2.A Bélgica é também a pátria de Pieter Bruegel o Velho, o grande pintor da Flandres que no século XVI desenhou com mestria as personagens mais encantadoras e também mais estranhas dos Países Baixos. Criou um universo de jogos, festas, quermesses e cerimoniais familiares, que fez alternar com personagens de fantasia, virando a sociedade de pernas para o ar. Basta ver A Queda dos Anjos rebeldes, Os provérbios Neerlandeses ou A Torre de Babel. Os Museus Reais das Belas Artes de Bruxelas estão a apresentar uma exposição magnífica à volta do trabalho deste pintor mas também de outros de épocas contíguas. A aliança da arte à tecnologia pelos ecrãs táteis, pelas projeções em largas paredes e pela consulta em “smartphone” através de aplicações informáticas trazem uma outra dimensão à ida ao museu e torna-se inevitável nos tempos que correm. Nada substitui no entanto o ver de perto os quadros de Bruegel na sala 68 do primeiro andar do Museu.

Os mais sensatos dizem no entanto que aquela não é a atual sociedade belga, que vive hoje cercada pela reivindicação do independentismo flamengo. O território atual da Bélgica, que foi ao longo dos séculos objeto da ambição das potências mais fortes, a França, a Espanha e a Áustria (chamou-se mesmo em épocas diferentes Países Baixos Austríacos e Países Baixos Espanhóis), apenas se tornou independente em 1830. Fruto do prestígio do francês como língua administrativa e de cultura, a língua oficial era o francês, sendo as pretensões dos flamengos (que falam neerlandês) esmagadas ou esquecidas ao longo de dois séculos. O domínio da Valónia no plano económico até meados do séc.

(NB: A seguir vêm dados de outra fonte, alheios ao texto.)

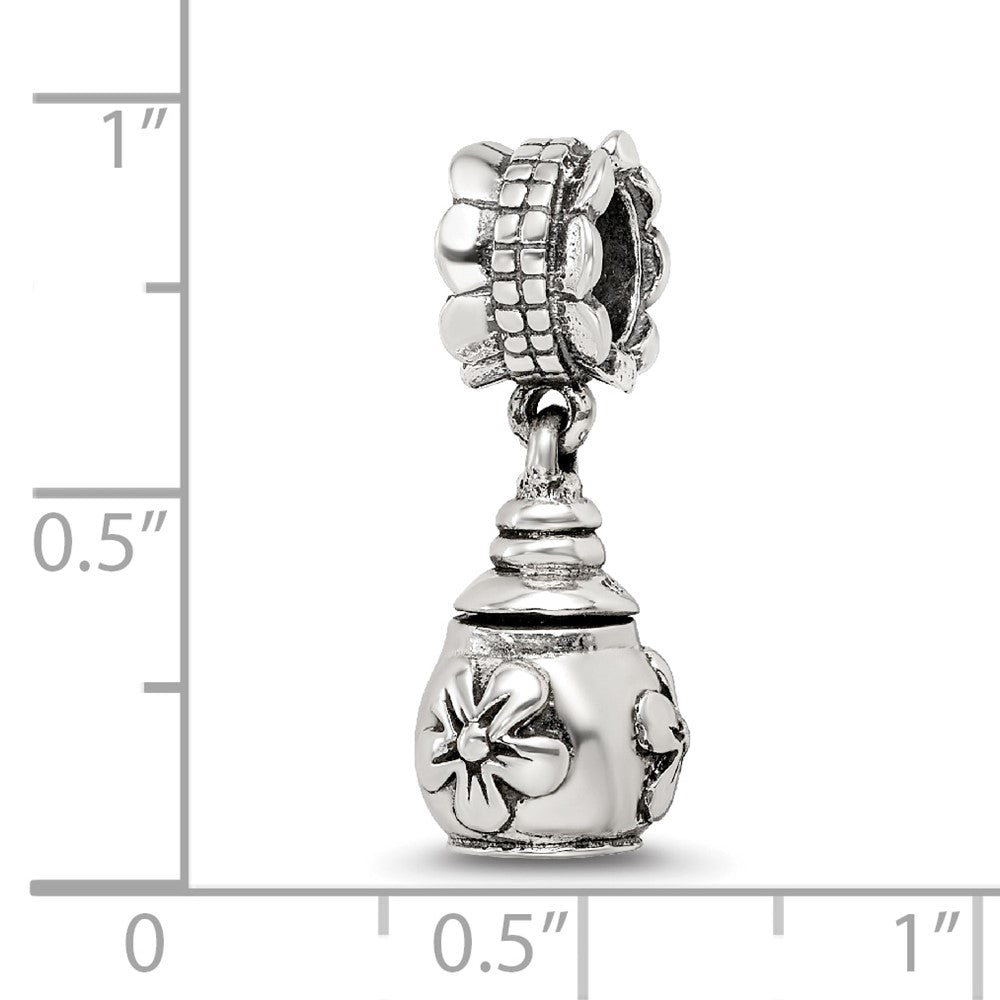 Sterling Silver Reflections Floral Ash Dangle Bead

XX levava também a esta hegemonia. Entretanto a situação virou-se, com a tecnologia a pôr a Flandres na linha da frente. A criação de um estado federal nos anos 90 do século passado não veio resolver os problemas e a situação tem vindo a complicar-se, com os flamengos a não quererem suportar os custos da Valónia, hoje menos próspera.

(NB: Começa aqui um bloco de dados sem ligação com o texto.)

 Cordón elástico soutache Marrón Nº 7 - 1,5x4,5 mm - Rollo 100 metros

O que tem segurado a situação não é tanto a monarquia, que parece não deter o prestígio que outras casas reais conquistaram. Tem valido o pesar das complicações que viriam a seguir à separação. Esta Bruxelas que acabo de visitar é um enclave na Flandres, sendo que 85% dos habitantes de Bruxelas falam francês. Nem a Valónia aceitaria ficar sem Bruxelas, nem a Flandres aceitaria um enclave valão pujante de vitalidade económica no seu território. Somem agora tudo isto à implantação muçulmana em Bruxelas e ao estatuto de capital europeia e digam lá se isto não é mesmo um imbróglio.